===== DATA UNDER STUDY =====
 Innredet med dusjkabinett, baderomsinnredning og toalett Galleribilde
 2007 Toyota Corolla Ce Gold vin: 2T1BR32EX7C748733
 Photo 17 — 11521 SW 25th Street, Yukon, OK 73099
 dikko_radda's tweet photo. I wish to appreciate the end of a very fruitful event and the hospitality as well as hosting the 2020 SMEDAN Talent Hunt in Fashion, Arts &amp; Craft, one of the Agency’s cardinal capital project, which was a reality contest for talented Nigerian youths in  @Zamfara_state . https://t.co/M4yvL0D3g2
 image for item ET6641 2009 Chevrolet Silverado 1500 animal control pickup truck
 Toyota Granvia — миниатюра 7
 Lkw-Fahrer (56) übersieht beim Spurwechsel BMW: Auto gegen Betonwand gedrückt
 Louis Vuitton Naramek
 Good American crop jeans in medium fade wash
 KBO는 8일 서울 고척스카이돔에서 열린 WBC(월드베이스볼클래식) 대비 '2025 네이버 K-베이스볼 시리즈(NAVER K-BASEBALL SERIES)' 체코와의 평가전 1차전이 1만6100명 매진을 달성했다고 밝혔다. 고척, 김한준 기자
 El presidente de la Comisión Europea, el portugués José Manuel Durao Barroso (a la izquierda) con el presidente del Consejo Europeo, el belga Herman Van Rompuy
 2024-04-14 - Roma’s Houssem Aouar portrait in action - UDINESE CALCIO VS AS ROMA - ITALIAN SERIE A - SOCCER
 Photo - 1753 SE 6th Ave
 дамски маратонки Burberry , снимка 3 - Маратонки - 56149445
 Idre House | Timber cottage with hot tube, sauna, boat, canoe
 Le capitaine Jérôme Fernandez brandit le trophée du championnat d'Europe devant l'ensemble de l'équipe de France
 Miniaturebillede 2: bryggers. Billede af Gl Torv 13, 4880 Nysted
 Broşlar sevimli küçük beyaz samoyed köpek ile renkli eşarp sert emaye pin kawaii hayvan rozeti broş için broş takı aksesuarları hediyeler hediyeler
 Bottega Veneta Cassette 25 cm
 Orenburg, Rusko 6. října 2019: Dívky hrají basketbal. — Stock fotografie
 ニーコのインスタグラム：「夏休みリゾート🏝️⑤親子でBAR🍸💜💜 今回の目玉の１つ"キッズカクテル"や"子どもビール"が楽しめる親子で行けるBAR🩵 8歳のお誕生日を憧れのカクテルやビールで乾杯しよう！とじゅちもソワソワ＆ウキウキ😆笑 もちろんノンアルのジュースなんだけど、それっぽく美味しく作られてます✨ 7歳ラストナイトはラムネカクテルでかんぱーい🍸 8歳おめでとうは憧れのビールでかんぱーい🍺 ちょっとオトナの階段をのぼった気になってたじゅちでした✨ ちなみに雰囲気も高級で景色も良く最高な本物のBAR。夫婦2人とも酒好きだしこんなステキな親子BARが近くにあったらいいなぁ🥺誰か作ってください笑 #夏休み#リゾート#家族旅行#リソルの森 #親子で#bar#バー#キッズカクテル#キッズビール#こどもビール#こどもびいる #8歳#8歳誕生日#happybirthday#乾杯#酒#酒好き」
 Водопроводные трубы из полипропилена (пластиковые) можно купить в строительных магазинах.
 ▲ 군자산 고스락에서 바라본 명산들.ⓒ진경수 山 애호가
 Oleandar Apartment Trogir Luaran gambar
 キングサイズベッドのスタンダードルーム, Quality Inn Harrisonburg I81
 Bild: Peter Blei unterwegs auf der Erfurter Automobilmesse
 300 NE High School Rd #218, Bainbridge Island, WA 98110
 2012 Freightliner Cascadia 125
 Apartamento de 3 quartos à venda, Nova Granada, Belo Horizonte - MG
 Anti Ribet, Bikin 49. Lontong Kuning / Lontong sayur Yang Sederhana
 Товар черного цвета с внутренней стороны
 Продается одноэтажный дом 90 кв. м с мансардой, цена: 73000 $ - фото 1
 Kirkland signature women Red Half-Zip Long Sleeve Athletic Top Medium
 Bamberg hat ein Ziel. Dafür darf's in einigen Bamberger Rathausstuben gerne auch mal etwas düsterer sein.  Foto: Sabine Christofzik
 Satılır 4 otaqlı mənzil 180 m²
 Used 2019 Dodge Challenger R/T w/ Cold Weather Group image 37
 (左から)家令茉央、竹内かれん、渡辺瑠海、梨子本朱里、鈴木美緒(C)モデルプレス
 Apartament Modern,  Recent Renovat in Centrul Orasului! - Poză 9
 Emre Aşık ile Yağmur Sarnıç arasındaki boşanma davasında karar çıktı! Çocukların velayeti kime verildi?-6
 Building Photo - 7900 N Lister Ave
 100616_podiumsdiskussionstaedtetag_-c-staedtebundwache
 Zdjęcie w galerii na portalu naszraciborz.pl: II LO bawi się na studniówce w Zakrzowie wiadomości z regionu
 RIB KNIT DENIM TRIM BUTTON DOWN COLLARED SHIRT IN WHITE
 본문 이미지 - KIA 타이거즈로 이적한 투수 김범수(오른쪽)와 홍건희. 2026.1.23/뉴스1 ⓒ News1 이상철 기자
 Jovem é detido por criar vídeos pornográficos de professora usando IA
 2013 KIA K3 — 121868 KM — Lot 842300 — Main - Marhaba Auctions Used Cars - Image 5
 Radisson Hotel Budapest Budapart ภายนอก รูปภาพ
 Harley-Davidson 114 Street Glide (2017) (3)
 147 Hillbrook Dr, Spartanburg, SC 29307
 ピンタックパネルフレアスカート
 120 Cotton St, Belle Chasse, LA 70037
=====
WORK ITEM:
Write down how many lines in the data contain "Used". Add nothing else.

ANSWER:
2